Exercise instructions
Your output should be the line with "Mitsubishi Outlander, 2015" plus all following lines to the end of the records, exactly as written and nothing more.

Source records
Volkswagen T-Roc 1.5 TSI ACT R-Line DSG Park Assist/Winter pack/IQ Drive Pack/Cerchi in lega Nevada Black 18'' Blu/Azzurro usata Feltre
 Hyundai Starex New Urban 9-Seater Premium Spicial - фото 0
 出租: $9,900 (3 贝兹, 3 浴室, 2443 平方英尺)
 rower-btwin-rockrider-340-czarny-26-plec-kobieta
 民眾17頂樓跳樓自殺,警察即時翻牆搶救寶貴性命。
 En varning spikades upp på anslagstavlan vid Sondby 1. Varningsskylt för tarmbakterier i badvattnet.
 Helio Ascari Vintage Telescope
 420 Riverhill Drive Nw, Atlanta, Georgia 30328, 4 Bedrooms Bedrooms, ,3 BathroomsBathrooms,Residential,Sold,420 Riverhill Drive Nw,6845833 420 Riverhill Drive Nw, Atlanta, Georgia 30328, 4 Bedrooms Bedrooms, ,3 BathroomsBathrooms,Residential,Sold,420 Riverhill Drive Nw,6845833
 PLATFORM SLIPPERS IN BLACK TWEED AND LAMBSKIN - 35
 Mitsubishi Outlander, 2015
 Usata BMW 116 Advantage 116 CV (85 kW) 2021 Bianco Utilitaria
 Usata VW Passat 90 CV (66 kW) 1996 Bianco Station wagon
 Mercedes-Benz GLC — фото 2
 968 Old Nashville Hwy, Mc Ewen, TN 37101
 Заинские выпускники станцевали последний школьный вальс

Written response
 Mitsubishi Outlander, 2015
 Usata BMW 116 Advantage 116 CV (85 kW) 2021 Bianco Utilitaria
 Usata VW Passat 90 CV (66 kW) 1996 Bianco Station wagon
 Mercedes-Benz GLC — фото 2
 968 Old Nashville Hwy, Mc Ewen, TN 37101
 Заинские выпускники станцевали последний школьный вальс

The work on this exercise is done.